- Lahma mahshoosha is a meat dish prepared for the Eid holiday. It entails slow-cooking a spiced meat stew, and then broiling the pieces of meat so they become browned and roasted. I never would have thought of that method, but they're on to something - the smell of it alone is insane!
- Zurbian is a dish of rice and lamb which is a cousin of the Indian biryani. It is tremendously aromatic from the wide range of spices which converge inside of it: cinnamon, cloves, ginger, cardamom, saffron, and coriander, to name but a few. I added some fresh mint straight off our balcony, too.
- Bataat abu humar adanee are potatoes in a tart and spicy tamarind and chile sauce. This seems to be a street food sold in the port city of Aden, Yemen.
- To respect Yemen's maritime assets, I grilled salmon, laden with saffron, onions and peppers.
- For dessert, I prepared basbousa, a cake prepared from semolina and then doused with a thick cinnamon syrup, as well as ghurayba, spiced Yemenite cookies.
Into the mix I tossed some traditional Jewish Yemenite recipes that I have developed in my repertoire over time. Kubaneh is a special bread made for Shabbat -- it is a buttery, challah-like dough that is baked overnight along with hardboiled eggs. I also made ful mudammas (though you will have to forgive my creativity, as this bean dish is originally Egyptian), as well as eggplant and hummus dips, of course. And a Yemenite meal would not be complete without schug! This spicy dip is made of ground jalapeño peppers, cilantro and spices.
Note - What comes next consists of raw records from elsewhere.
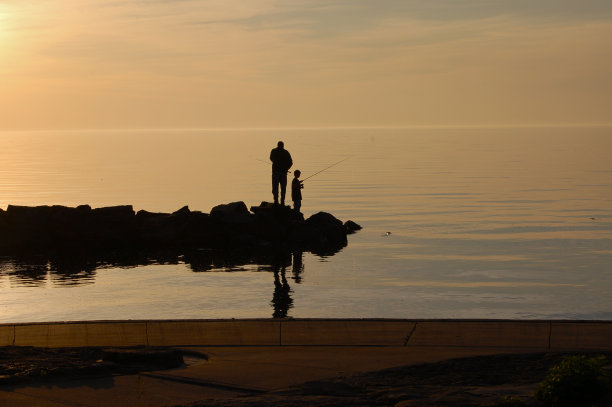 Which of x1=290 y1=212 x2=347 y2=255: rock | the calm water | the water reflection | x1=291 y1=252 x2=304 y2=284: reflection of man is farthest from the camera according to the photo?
x1=290 y1=212 x2=347 y2=255: rock

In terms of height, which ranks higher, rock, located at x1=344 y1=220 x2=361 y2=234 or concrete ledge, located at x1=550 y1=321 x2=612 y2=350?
rock, located at x1=344 y1=220 x2=361 y2=234

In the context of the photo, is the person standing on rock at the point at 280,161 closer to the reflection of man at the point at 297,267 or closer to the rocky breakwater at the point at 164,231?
the rocky breakwater at the point at 164,231

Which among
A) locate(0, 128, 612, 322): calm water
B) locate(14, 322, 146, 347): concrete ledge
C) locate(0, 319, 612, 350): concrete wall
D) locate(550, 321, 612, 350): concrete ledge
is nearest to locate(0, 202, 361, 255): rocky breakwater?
locate(0, 128, 612, 322): calm water

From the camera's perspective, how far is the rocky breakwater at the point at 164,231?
3200 centimetres

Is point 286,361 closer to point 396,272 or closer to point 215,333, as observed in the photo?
point 215,333

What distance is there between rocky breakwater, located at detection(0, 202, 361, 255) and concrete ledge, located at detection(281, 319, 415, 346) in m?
19.8

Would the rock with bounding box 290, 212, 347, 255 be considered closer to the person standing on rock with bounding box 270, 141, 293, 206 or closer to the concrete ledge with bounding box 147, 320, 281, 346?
the person standing on rock with bounding box 270, 141, 293, 206

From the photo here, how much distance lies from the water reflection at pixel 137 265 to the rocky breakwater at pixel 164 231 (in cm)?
172

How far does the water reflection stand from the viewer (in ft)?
79.0

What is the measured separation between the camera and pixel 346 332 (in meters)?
11.0

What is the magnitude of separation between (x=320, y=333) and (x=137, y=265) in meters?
17.5

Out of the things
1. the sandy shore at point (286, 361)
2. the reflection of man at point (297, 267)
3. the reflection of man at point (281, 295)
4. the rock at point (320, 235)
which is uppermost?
the rock at point (320, 235)

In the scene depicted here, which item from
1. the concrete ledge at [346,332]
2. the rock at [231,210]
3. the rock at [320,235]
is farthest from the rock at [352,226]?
the concrete ledge at [346,332]

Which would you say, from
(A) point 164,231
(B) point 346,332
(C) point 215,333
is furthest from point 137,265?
(B) point 346,332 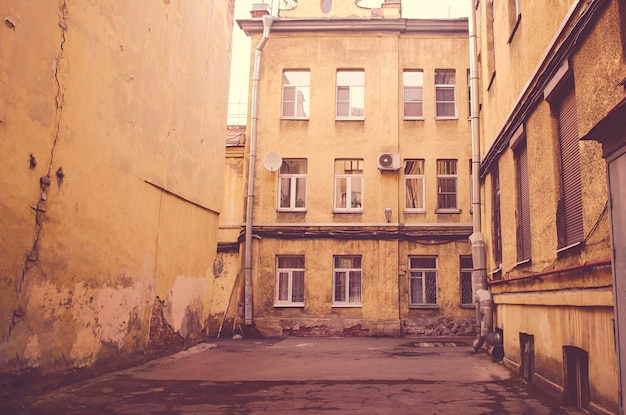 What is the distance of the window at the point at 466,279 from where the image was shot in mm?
17688

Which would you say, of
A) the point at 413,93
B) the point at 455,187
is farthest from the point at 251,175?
the point at 455,187

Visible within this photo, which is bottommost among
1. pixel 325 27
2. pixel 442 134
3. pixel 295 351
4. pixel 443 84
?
pixel 295 351

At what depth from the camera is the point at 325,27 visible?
19.2 meters

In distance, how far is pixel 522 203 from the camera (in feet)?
29.8

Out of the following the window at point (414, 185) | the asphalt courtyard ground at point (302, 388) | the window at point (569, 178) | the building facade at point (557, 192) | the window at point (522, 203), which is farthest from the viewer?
the window at point (414, 185)

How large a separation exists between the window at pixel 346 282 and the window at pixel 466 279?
327cm

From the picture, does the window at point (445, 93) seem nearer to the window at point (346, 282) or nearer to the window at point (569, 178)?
the window at point (346, 282)

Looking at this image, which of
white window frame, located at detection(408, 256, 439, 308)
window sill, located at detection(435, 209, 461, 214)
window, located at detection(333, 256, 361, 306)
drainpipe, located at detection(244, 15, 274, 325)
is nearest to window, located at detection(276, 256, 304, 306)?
drainpipe, located at detection(244, 15, 274, 325)

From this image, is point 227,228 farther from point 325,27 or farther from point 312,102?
point 325,27

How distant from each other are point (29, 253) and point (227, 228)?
42.1 feet

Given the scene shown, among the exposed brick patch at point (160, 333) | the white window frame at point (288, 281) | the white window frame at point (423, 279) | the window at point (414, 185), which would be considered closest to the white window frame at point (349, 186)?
the window at point (414, 185)

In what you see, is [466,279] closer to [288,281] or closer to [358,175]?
[358,175]

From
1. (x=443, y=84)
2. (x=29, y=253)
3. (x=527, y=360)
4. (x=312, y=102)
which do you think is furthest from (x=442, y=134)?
(x=29, y=253)

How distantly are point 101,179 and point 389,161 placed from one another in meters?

I love these culinary adventures which make me feel somehow so close to brothers and sisters so far away. In particular, I'd like to give a shoutout to A Yemeniyah, Dr. Lamya Almas, whose recipe blog gave me tremendous inspiration. As I cooked and my house filled with all of these exotic smells, I felt like I was with her in her kitchen, even though it is half a world away. Yihna! (Bon Appetit!)